▶ _Exercise_:
Look below for the line containing "Dapper gentleman's meticulously"; from there, print each line exactly up to and including the line containing "April 2014 Disneyland Paris Pins", and stop.

START Given data

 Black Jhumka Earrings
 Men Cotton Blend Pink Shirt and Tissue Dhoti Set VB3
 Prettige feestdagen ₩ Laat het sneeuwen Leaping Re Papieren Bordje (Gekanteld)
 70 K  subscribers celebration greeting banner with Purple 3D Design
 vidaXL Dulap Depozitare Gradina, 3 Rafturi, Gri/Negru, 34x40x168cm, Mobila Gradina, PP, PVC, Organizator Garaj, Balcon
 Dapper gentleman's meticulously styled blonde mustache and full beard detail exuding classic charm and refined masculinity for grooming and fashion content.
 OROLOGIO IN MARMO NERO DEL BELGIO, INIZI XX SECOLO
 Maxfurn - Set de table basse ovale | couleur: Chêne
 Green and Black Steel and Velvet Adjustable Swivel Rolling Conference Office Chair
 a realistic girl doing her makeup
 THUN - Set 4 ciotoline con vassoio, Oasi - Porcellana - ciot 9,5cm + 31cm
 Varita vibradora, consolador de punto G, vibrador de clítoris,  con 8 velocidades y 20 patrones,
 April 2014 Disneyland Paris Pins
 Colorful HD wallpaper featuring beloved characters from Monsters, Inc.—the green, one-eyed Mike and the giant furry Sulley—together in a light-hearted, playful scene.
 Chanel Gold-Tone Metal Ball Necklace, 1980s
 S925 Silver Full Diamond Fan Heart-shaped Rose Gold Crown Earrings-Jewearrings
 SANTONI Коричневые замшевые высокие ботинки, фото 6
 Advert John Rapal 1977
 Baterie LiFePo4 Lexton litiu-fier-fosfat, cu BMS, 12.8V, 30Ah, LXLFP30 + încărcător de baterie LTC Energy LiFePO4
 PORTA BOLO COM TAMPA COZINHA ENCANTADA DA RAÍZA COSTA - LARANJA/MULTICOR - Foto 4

END Given data

▶ _Your solution_:
 Dapper gentleman's meticulously styled blonde mustache and full beard detail exuding classic charm and refined masculinity for grooming and fashion content.
 OROLOGIO IN MARMO NERO DEL BELGIO, INIZI XX SECOLO
 Maxfurn - Set de table basse ovale | couleur: Chêne
 Green and Black Steel and Velvet Adjustable Swivel Rolling Conference Office Chair
 a realistic girl doing her makeup
 THUN - Set 4 ciotoline con vassoio, Oasi - Porcellana - ciot 9,5cm + 31cm
 Varita vibradora, consolador de punto G, vibrador de clítoris,  con 8 velocidades y 20 patrones,
 April 2014 Disneyland Paris Pins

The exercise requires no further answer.